Memovox Travel Clock © WorldTempus

Vous êtes connu pour ne pas apprécier les lignes droites et très marquées. Pourquoi avoir intégré un triangle affirmé sur cette horloge de voyage ?

J’ai effectivement une attirance naturelle pour les formes adoucies, mais cela ne constitue en rien une règle absolue. Mes choix esthétiques dépendent toujours du projet et de sa finalité. Je m’intéresse avant tout à la fonctionnalité, à la lisibilité, à la matérialité, à la pureté des lignes et à la cohérence de l’ensemble. J’aime cette idée d’une simplicité apparente qui cache une réelle complexité. Pour donner vie à un produit très spécifique, j’utilise donc différentes approches simultanément, sans jamais me limiter à une seule vision esthétique.

Atmos Designer 568 © WorldTempus

L’industrie horlogère s’appuie fortement sur ses icônes. Quel regard portez-vous sur le design horloger contemporain ?

Je préfère me concentrer sur les fondamentaux esthétiques plutôt que sur les tendances du moment. Cela ne signifie pas qu’il n’existe pas aujourd’hui des créations remarquables ; simplement, ce n’est pas ce qui guide ma réflexion lorsque je développe un nouveau projet. Mes inspirations proviennent toujours d’univers très variés.

Atmos Hybris Artistica Tellurium© WorldTempus

Que représente pour vous le design de l’Atmos 568 ?

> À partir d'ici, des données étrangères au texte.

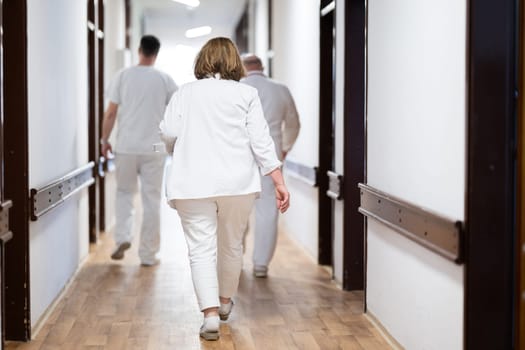 A group of healthcare professionals in white uniforms walking through a hospital hallway while reviewing patient documents and discussing treatment plans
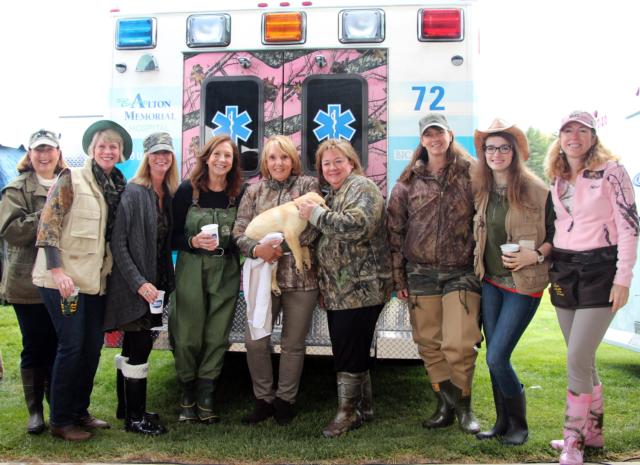 Jack the puppy got plenty of attention from the ladies at the seventh annual Duck Pluckers, Deer Skinners and Fish Hookers Ball held recently by the Alton Memorial Health Services Foundation. Jack raised $1500 in the live auction. Pictured from left to right are Cindy Lewis, Kelli Lauschke, Cass Funkhouser, Nancy Simpson, Gaye Julian, Sandy Lauschke, Liz Buck, Jane Cavin and Martha Morse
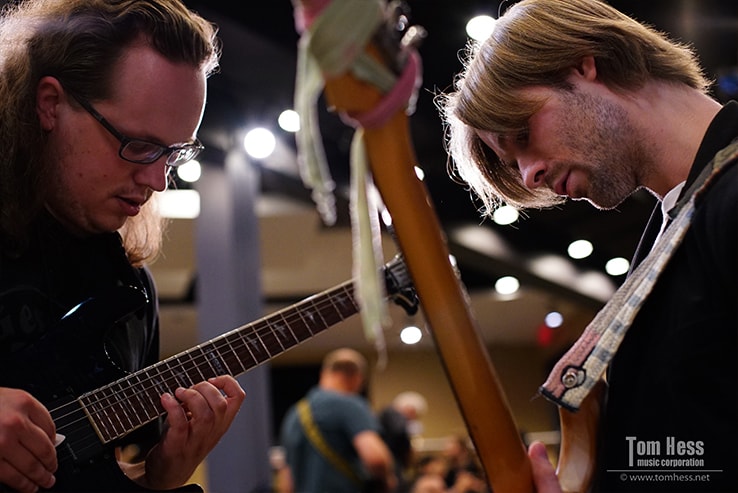 Guitarists playing together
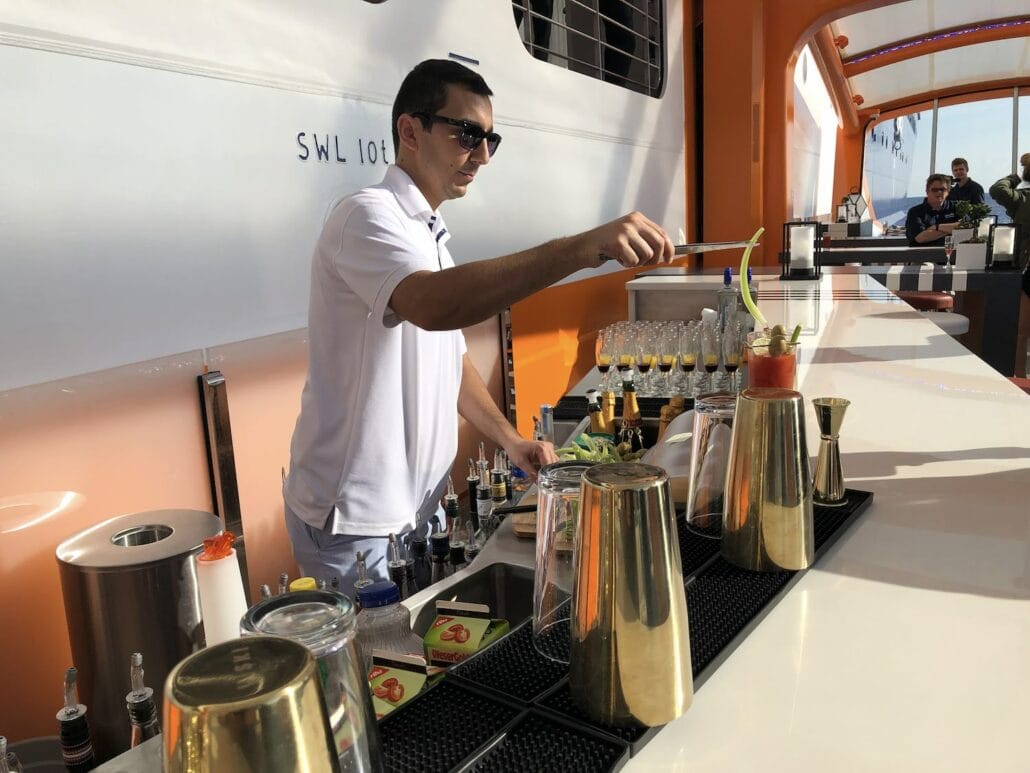 A bartender in a white uniform skillfully prepares drinks at the outdoor bar aboard the Celebrity Edge. The counter is equipped with cocktail shakers, garnishes, and glasses lined up, all against a backdrop of a white wall and a partial view of the open sky on this luxurious cruise ship.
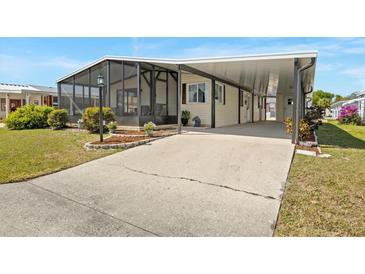 Charming home featuring a screened-in porch and a covered carport at 6711 Canterbury Ne Dr, Winter Haven, FL 33881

Je trouve particulièrement gratifiant de travailler avec des techniques et des technologies susceptibles de disparaître, afin de préserver et valoriser des savoir-faire menacés. La collaboration avec Baccarat, autour des cabinets en cristal massif des Atmos 561 et 568, ainsi qu’avec Serapian pour l’écrin en cuir de l’Atmos Tellurium, en sont de parfaits exemples. Je cherche continuellement à repousser les possibilités offertes par les matériaux, les formes et les procédés, avec la volonté constante de créer des objets à la fois forts et esthétiques. L’artisanat demeure au cœur de cette démarche : ces créations se veulent contemporaines tout en restant profondément liées à leurs origines.

Atmos Artistica Tellurium : quel a été votre principal défi et comment l’avez-vous relevé ?

L’Atmos Tellurium représentait un projet d’une grande complexité. Son poids, son centre de gravité ainsi que le subtil équilibre technique nécessaire à son fonctionnement ne pouvaient être altérés. L’un des défis majeurs concernait notamment le disque lunaire, un élément concave en aluminium sur lequel les données de la surface lunaire sont reproduites avec une précision exceptionnelle grâce à un procédé laser nécessitant plusieurs jours de travail. Sans oublier les constellations majeures du ciel nocturne, serties de centaines de saphirs sphériques… un véritable accomplissement monumental.